Paul's sculptures are born out of a desire to capture a creature in an 'instance in time'. Often inspired by his time on the riverbank, these snapshots seek to reproduce every motion, character, and aspect of the fish at a precise moment. To do this, a sculpture is first drawn, and redrawn, on paper. This image is then crafted into a physical model, sculpted out of clay over the course of several weeks. Following the creation of a clay model, it is then time to cast the fish in bronze using the 'Lost Wax' casting process.
"Before a brief description of the Lost Wax process used to founder my fish is given, I would first like to acknowledge and offer sincere thanks to all those at the Castle Fine Arts Foundry. Without the discerning skills, patience, and attention to detail of those at the foundry, the ultimate transition from clay to bronze would not be possible" - Paul Dady
Through the Lost Wax casting process, Paul's sculptures are created using the same techniques and methods employed for over six thousand years. Evidence of the casting of metals using the Lost Wax process have been discovered in the Middle East dating from as early as 4500 BC. Whilst advancements in the materials used have been made since that time, the process itself still remains unaltered.
From the Artist’s original sculpture, in this case created in clay, a silicone mould is taken. For sculptures such as Paul's, which are often too complex to be conducive to an even investment (flow) of bronze, then various aspects of the work may be detached from the original and moulded separately to be reattached at a later point.
After removal of the original clay work, molten wax is then poured into the silicone mould. The wax is left to harden. The silicon mould is then removed leaving an exact wax replica of the original pieces.
At this point numerous ducts known as sprues, are added at key places on the wax, to allow both a clean draining of the wax, and later an unchecked flow of bronze (investment) in the final casting. The wax replica including the sprues, are then coated in several seperate layers of ceramic until a thick cast is formed, at which point it is then left to harden.
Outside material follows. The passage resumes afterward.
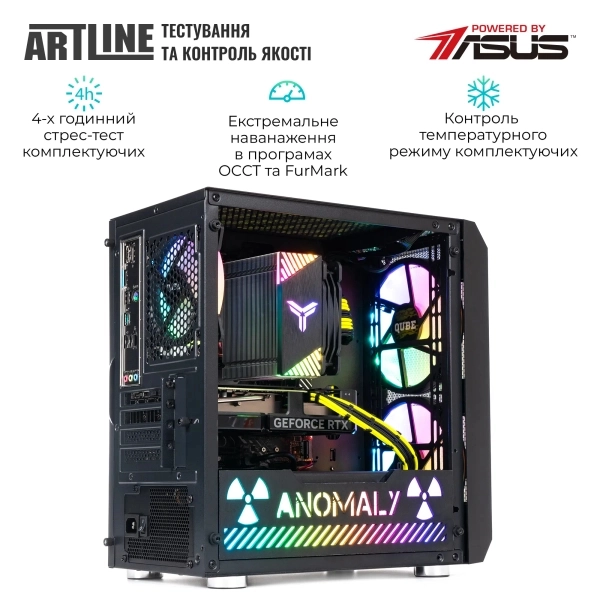 Купить Компьютер ARTLINE Gaming GBS (GBSv15AN) - фото 8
Once hardened, the ceramic is heated to melt and drain the wax from the cast through the sprues (thus giving the Lost Wax process its name). This leaves a hollow shell of hardened ceramic which once heated and protected, will be able to take the molten bronze. As the bronze is poured, trapped air and gasses escape through the sprues, allowing the bronze to flow unhindered into all parts of the shell.
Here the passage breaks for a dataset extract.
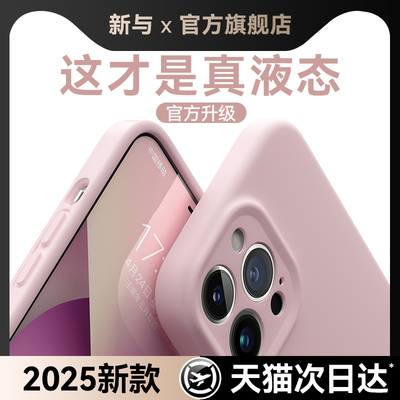 【小红书爆款】适用苹果16液态壳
After the bronze has cooled and hardened, the ceramic is struck away to reveal the final bronze sculpture. At this point the components are skillfully reassembled, joints are meticulously aligned, fixed, and chased and any founding blemishes amended.
The exact facsimile of the artist’s original work in bronze can then be patinated. This is achieved by the skillful acceleration of the naturally occurring process of oxidation, done by the repeated application of selective acids and heat. Once the desired finish is achieved, the effect is sealed and enhanced with a final coating of wax which provides a depth and richness to the finish.